§ WHAT IS EXPECTED: Beginning with the line that contains "Easter eggs in" and ending with the last line of the records, write out each line exactly and omit the pictures.

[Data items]
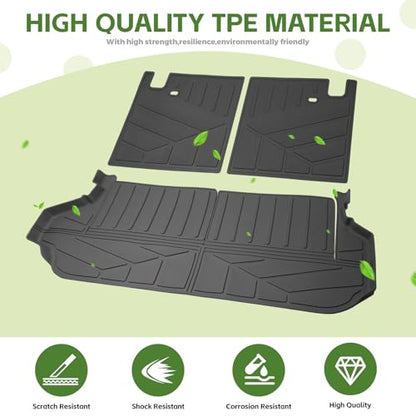 Cargo Liners for 2025 2026 Toyota 4Runner 7 Seats Gas, Trunk Mat with 3rd Row Seat Back Cover All Weather Rear Cargo Mat Backrest Protector Accessories (Not for Hybrid EV&i-Force MAX) - size: 7Seats-Trunk+Seatback Mats(3rd Row)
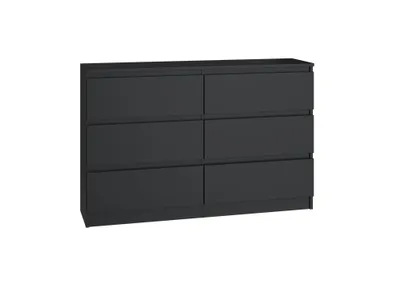 Produktbild von VBChome Kommode mit 6 Schubladen 120 x 30 x 75 cm Schwarz Grifflose Schubladenkommode Mehrzweckschrank für Flur Schlafzimmer Wohnzimmer Kinderzimmer Modern
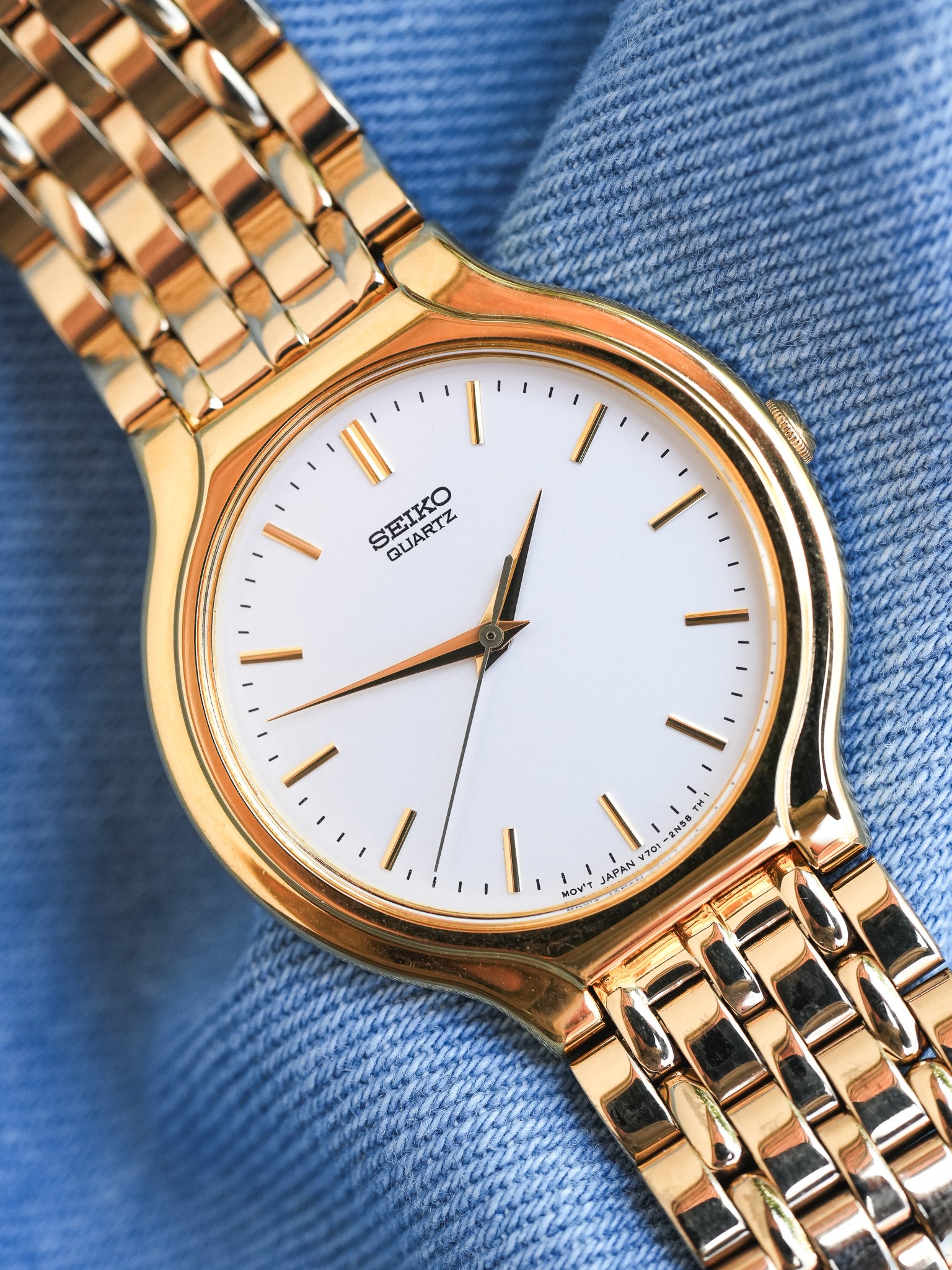 Seiko - Maille Or Cadran Blanc - 1995 - Atelier Victor - Vintage Shop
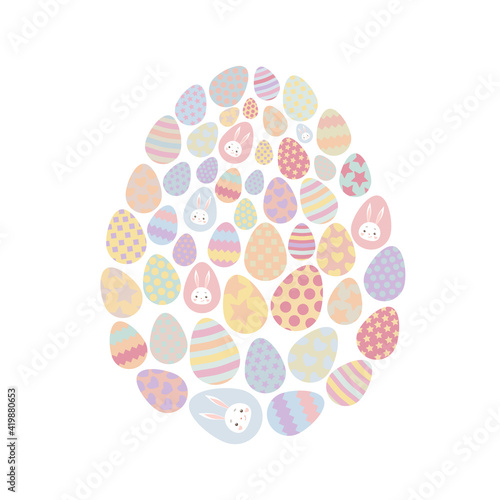 Easter eggs in a flat style, in the shape of an egg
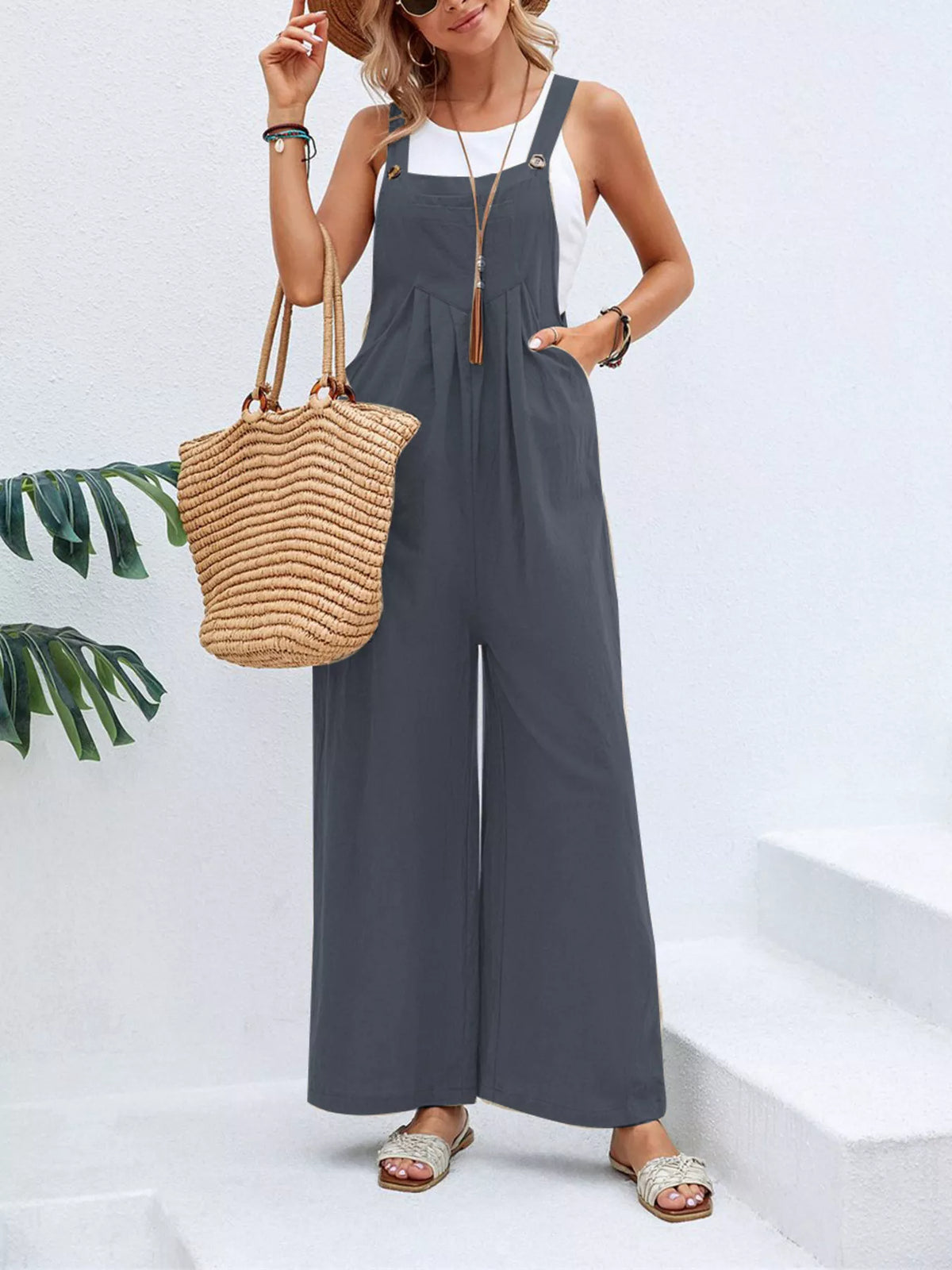 Casual Wide-Leg Overalls with Pockets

§ ANSWER SPACE:
 Easter eggs in a flat style, in the shape of an egg
 Casual Wide-Leg Overalls with Pockets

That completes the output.